What caused my eyebrows to move rapidly ceiling-wards was that the same report claimed conference members had told the minister that the police were also instructed not to use the phrase good egg, because it was too closely linked with egg and spoon, rhyming slang for coon, an offensive racial slur.
While sensitivity over language is not inherently bad, sometimes political correctness passes from needful consideration into a parallel world of misunderstanding and mealy-mouthedness. These days, it seems even PCs have to be PC. The chances of a British policeman using the phrase good egg in conversation with a member of the public is roughly the same as his pursuing an outfangthief or enforcing the rules on the right to turbary.
That’s because the phrase is an excellent example of dated slang — still to be found, but only as a self-conscious archaism that reeks of a kind of old-fashioned, class-ridden Britishness that is long extinct. It first appeared about 1900 as slang of the public school and university for somebody pleasant, agreeable, or trustworthy (and also as “an exclamation of enthusiastic approbation”, as the big Oxford English Dictionary puts it).

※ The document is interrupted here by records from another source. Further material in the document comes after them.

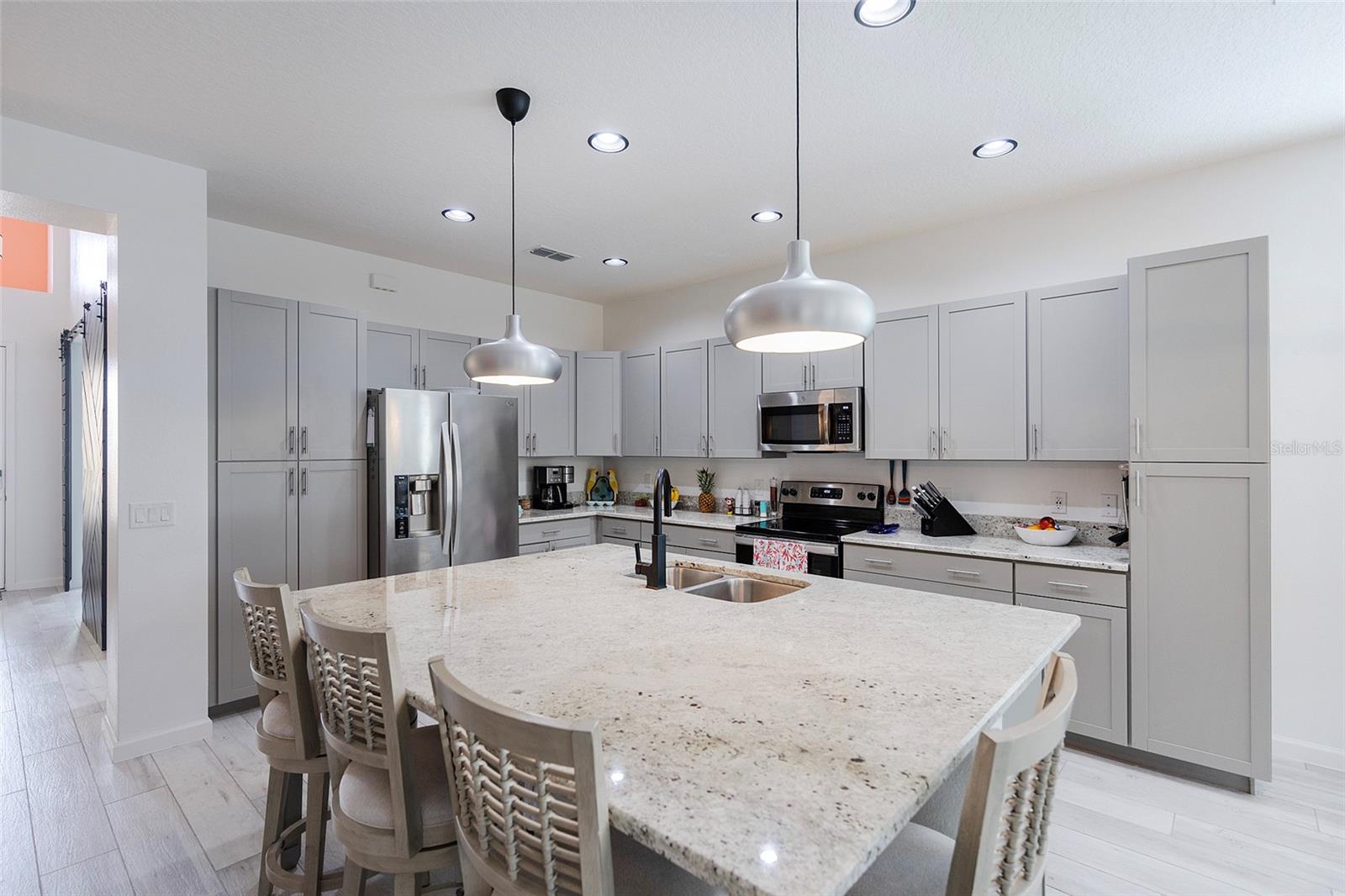 Image 33 of 51 For 273 Compass Rose Drive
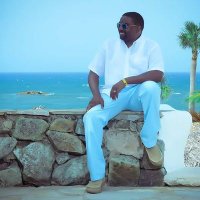 Dave County (@infamousking803) 's Twitter Profile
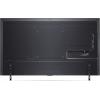 imageLG QNED85 Series 65Inch Class QNED MiniLED Smart TV 65QNED85UQA 2022  AIPowered 4K TV Alexa BuiltInBlack55 inch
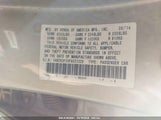 HONDA ACCORD LX 1HGCR2F30FA023329 снимка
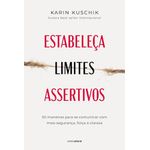 estabeleca-limites-assertivos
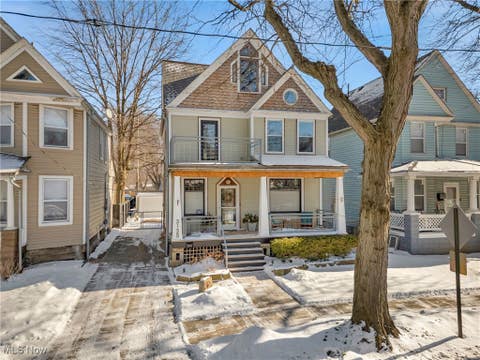 Photo for 3125 W 82nd Street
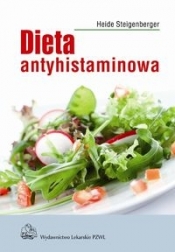 Dieta antyhistaminowa - Steigenberger Heide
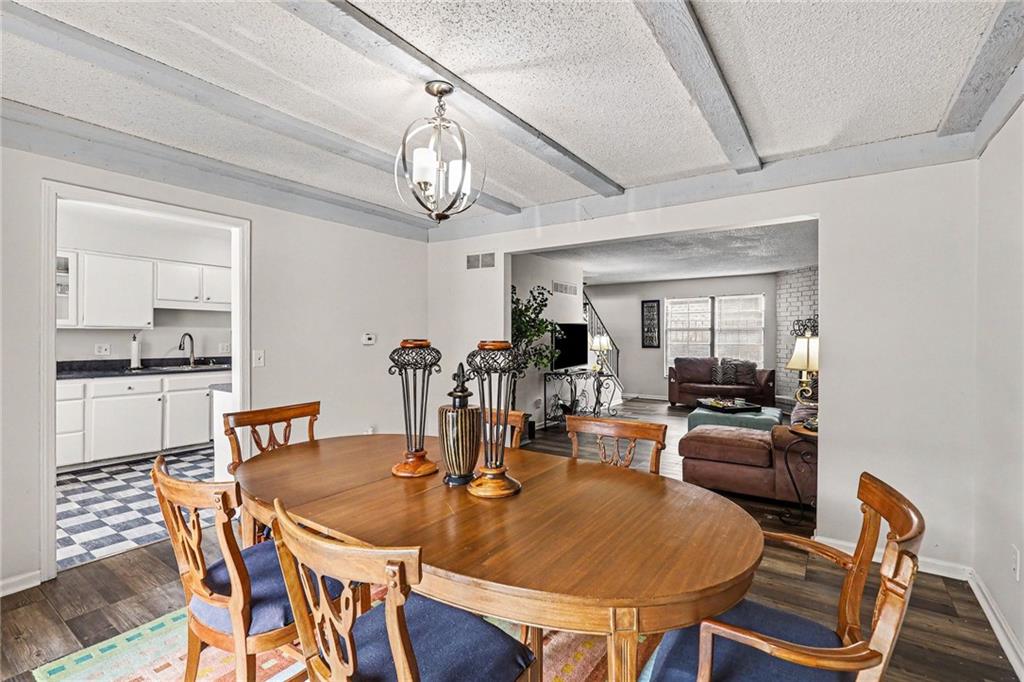 111 West Bannister Road, Unit 2 Kansas City, MO 64114 - Photo 7 of 29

If you associate it with the late P G Wodehouse, that’s because he did much to popularise it, having presumably picked it up during his school days at Dulwich in the last years of the nineteenth century. He seems to have used it first in Something Fresh in 1915: “‘She isn’t going to sue me for breach?‘ ‘She never had any intention of doing so.’ The Hon. Frederick sank back on the pillows. ‘Good egg!’ he said with fervour.” But Wodehouse was pipped to the post in the literary immortality stakes by Rudyard Kipling, in his book Traffics and Discoveries of 1904.
Good egg was at first just a humorous inversion of bad egg, which is also public-school slang, but from half a century previously. A bad egg was as thoroughly nasty a person as the literal bad egg was unpleasant to encounter.
The matter became more convoluted the following morning, when John Denham wrote to the Guardian saying that he had checked most carefully and had established that there was no list of banned words in the police force. The Guardian report hadn’t said there was, but that officers could face a charge of breaching the codes on tolerance if anyone complained, a more subtle form of control that requires officers to self-censor every word (and yet still leaves them open to frivolous or malicious complaints).
Amid confusion and denials, the main loser here seems to be the English language.